#### [WHAT IS NEEDED]
Scan the records below, and wherever a line has the word "Machine", pull it out.

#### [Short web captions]
---+---

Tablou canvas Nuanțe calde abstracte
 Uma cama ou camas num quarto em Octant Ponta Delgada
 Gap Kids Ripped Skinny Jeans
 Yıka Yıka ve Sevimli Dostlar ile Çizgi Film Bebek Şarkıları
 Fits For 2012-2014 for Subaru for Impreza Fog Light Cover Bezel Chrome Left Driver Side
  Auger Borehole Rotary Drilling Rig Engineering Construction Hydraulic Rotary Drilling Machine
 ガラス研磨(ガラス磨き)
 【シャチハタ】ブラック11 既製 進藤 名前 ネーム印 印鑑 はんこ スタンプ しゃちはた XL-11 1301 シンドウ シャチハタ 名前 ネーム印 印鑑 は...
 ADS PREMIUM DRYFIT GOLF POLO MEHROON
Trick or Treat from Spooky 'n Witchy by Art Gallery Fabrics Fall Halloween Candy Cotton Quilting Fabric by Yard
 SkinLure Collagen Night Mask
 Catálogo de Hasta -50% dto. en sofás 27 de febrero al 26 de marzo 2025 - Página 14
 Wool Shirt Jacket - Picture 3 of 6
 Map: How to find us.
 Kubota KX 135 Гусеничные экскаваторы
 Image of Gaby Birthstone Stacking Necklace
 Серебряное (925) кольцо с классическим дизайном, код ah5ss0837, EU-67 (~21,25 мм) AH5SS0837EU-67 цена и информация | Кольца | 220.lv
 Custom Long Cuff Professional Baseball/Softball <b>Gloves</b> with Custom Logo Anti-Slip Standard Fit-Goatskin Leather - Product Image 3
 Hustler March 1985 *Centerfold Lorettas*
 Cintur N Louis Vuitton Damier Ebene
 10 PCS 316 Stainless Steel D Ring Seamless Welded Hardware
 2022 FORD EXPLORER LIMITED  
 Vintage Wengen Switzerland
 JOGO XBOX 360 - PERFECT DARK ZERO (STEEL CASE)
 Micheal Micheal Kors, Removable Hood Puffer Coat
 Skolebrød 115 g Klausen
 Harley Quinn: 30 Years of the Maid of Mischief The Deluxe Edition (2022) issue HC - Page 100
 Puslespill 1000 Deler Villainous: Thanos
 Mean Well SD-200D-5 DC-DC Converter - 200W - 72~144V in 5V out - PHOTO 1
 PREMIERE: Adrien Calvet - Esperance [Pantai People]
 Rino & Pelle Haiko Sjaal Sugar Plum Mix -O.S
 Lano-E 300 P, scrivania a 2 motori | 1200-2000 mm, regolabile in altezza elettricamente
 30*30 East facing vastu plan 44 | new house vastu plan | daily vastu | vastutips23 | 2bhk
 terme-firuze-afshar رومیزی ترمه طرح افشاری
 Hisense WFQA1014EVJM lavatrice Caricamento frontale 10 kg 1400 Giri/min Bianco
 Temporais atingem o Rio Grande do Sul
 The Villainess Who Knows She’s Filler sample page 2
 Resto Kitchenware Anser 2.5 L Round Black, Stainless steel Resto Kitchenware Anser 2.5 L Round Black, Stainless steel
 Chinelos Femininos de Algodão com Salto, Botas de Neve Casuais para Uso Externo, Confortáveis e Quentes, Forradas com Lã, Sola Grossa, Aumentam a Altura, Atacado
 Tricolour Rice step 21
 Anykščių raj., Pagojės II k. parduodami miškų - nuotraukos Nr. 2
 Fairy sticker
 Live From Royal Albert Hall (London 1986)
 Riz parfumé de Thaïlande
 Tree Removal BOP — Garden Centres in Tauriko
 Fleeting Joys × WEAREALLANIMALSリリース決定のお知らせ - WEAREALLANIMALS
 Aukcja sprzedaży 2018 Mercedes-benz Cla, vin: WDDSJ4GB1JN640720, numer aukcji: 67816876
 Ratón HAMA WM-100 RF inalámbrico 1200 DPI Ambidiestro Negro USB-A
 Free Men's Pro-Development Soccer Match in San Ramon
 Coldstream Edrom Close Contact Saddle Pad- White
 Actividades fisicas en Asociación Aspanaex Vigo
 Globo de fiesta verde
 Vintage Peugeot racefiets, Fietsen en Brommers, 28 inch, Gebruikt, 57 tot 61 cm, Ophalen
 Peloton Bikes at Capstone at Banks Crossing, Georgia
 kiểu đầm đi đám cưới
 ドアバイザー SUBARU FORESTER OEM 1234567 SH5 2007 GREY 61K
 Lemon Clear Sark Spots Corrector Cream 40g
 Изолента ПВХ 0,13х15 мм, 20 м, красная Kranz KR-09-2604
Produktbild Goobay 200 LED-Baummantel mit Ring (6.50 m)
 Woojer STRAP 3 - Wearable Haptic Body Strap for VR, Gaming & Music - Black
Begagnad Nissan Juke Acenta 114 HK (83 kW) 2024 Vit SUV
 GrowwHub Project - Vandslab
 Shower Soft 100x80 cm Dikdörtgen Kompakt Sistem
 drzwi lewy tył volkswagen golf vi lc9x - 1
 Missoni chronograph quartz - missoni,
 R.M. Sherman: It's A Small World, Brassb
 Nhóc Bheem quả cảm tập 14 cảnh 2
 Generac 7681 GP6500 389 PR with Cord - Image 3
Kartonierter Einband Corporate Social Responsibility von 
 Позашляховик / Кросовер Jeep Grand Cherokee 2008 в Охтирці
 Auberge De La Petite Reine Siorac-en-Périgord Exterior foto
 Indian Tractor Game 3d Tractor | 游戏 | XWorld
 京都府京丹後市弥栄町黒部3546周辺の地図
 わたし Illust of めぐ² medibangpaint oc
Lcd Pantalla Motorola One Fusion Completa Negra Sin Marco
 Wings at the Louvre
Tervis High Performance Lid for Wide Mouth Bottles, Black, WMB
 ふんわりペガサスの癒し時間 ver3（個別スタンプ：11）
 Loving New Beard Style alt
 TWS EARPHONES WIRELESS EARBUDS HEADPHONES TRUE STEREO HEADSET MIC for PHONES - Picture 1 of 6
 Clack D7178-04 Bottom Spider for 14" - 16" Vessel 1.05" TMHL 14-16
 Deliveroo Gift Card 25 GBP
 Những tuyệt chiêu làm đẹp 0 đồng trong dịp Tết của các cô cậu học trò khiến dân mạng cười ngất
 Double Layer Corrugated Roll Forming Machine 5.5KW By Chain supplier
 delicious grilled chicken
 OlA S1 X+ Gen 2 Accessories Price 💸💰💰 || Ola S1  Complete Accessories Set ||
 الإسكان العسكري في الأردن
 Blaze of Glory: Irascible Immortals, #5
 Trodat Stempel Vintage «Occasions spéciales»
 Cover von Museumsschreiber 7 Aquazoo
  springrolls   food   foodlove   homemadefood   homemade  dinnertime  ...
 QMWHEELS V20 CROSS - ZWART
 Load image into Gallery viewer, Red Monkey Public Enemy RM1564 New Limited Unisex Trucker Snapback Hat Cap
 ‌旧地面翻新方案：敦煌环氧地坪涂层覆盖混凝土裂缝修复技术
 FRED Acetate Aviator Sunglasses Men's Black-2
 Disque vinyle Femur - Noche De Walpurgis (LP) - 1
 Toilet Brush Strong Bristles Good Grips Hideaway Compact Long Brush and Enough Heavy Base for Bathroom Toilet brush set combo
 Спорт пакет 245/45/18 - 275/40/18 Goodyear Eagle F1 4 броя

---+---

#### [RESULT FOR THIS EXERCISE]
  Auger Borehole Rotary Drilling Rig Engineering Construction Hydraulic Rotary Drilling Machine
 Double Layer Corrugated Roll Forming Machine 5.5KW By Chain supplier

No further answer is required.